The whole listing that follows is to be restated word for word, images excluded.

===== Dataset extract

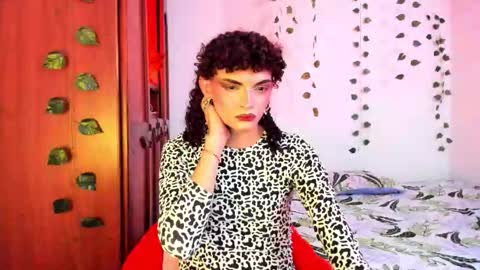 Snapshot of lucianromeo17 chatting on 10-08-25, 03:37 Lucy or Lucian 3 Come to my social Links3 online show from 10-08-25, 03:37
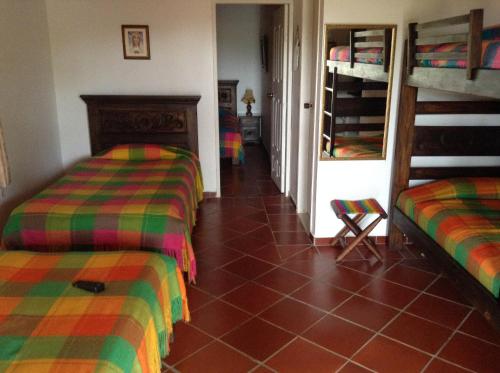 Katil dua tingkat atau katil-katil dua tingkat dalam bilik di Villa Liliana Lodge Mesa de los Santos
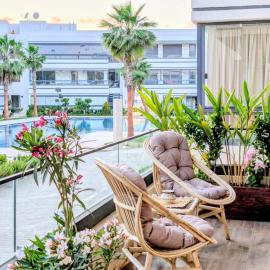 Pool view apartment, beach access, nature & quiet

==========

**Written answer**
 Snapshot of lucianromeo17 chatting on 10-08-25, 03:37 Lucy or Lucian 3 Come to my social Links3 online show from 10-08-25, 03:37
 Katil dua tingkat atau katil-katil dua tingkat dalam bilik di Villa Liliana Lodge Mesa de los Santos
 Pool view apartment, beach access, nature & quiet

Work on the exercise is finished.